Qingzhou Li Qingzhao Memorial Hall is located at the Yangxi Lake outside the west gate of Qingzhou Ancient City. It covers an area of about 630 square meters. The building faces south; there are tunnels in the entrance to the north, road east built, shun river building, west of the four pine pavilion, are of Qing dynasty architecture. At the end of the corridor is a quadrillion built in 1993; on the door, there is a well-known poet Xiao Lao writing tablet "Li Qingzhao Memorial Hall".

===Shandong Jinan Memorial Hall===

Jinan Li Qingzhao Memorial Hall is located in Baotu Spring Park, in a courtyard on the north side of Liuxu Spring, with 360 square meters. In the Northern Song dynasty, this courtyard was the courtyard of the Zhang family in Jinan. In the Jin dynasty, it was changed to Linquan Running. In the late Qing dynasty, it was changed to the ancestral temple of Ding Baozhen. In the early Qing dynasty, the poet Tian Wen wrote a poem titled "Visiting Li Yian Old House at Liuxu Spring." People mistakenly thought that Li's former residence was near Liuxu Spring. Later, literati and poets all joined the club. Thus it was said that Li's old house was in Jinan. Moreover, Li was once respected as the lotus root god and was enshrined in the Lotus Shrine beside Daming Lake in Jinan. Since the Qing dynasty, Jinan people have been awarded Li "Lotus Godness" for sacrificing.

===Zhejiang Jinhua Memorial Hall===
Jinhua Li Qingzhao Memorial Hall is located in the southern corner of Jinhua City, Bayong Road. Ba Yong Lou was built by Shen Yue, governor of Dongyang, in the first year of Qilongchang in the Southern dynasty. In 1994, Ba Yong Lou Cultural Relics Conservation and Management Office changed the main hall of Ba Yong Lou into Li Qingzhao Memorial Hall.

===Zhejiang Hangzhou Memorial Hall===

Since Li Qingzhao once lived near Qingbo Gate of West Lake in Hangzhou, the relevant authorities built the Qingzhao Pavilion in the Stream of the Metasequoia forest in the Willow Waves And Orioles Park, which was opened in 2002.

==Modern references==
Two impact craters, Li Ch'ing-Chao on Mercury and Li Qingzhao on Venus, are named after her.

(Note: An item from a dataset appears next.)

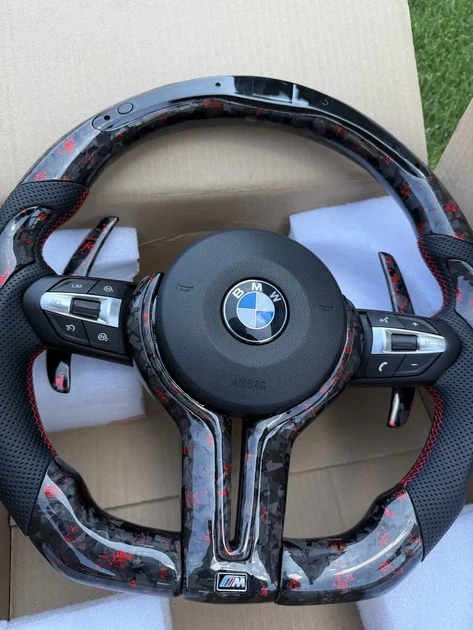 Кований Карбон Колір Червоний M Кермо + Led Екран BMW F20 F21 F22 F23 F30 F31 F32 F33 F36 X3 F25 F26 F15 F16 Руль - зображення 6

In 2011, "A Dream Song" and "Sheng Sheng Man" have been set to music as part of the song cycle 'Chinese Memories' by composer Johan Famaey. In 2017, the composer Karol Beffa wrote Fragments of China (Klarthe), setting four of her poems to music. River of Stars, a novel by Guy Gavriel Kay set in a fictionalized Song China, features a protagonist inspired by Li Qingzhao, as acknowledged by the author in the book. In the 2022 video game Terra Invicta, the leader of the Academy faction is named in honor of Li Qingzhao.

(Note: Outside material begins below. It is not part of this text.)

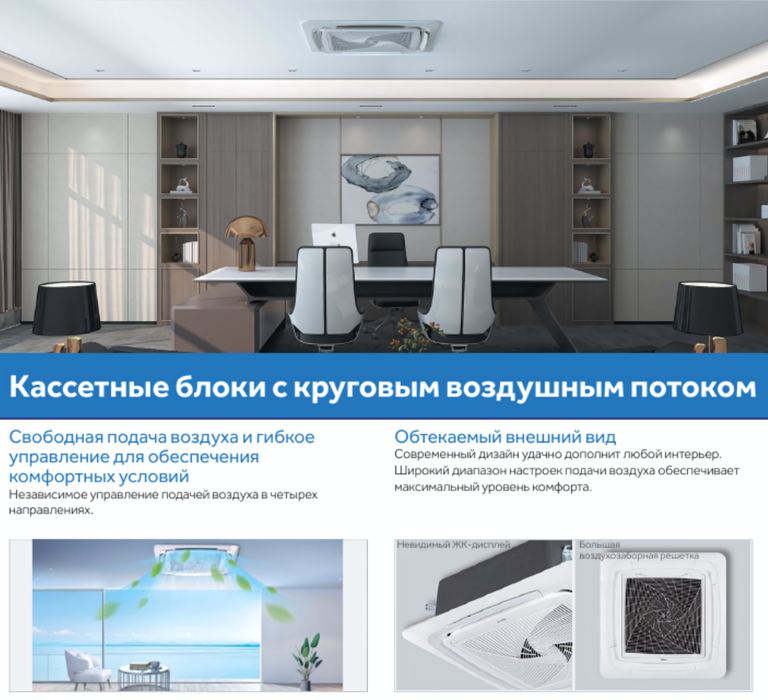 Кассетная VRF система 2-29 кВт Haier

=== Film, TV, and Opera===
- 1981 Li Qingzhao, movie with Xie Fang in the title role
- 1988 TV series Li Qingzhao played by Liu Xuehua
- 1992 Yue Opera TV series People are thinner than yellow flowers, with Fu Quanxiang
- 1992 TV series Li Qingzhao played by Li Lan
- 2003 Yue Opera TV series Li Qingzhao, with Zhou Liuping
- 2006 Huangmei Opera TV series Li Qingzhao, with Sun Juan
- 2008 Yue Opera TV series Li Qingzhao, with He Ying
- 2016 Peking Opera TV series Li Qingzhao, with Shi Yihong
- 2020 TV series Qingfeng Mingyue Beauty, with Han Zaifen
- 2022 TV documentary China, Season 2, played by Jin Mengjia

== English Editions==
- Li Ch’ing-chao (1980). "Li Ch'ing-chao: Complete Poems".
- Li Qingzhao (1989). "The Complete Ci-poems of Li Qingzhao: A New English Translation".
- Li Qingzhao (2019). "The Works of Li Qingzhao".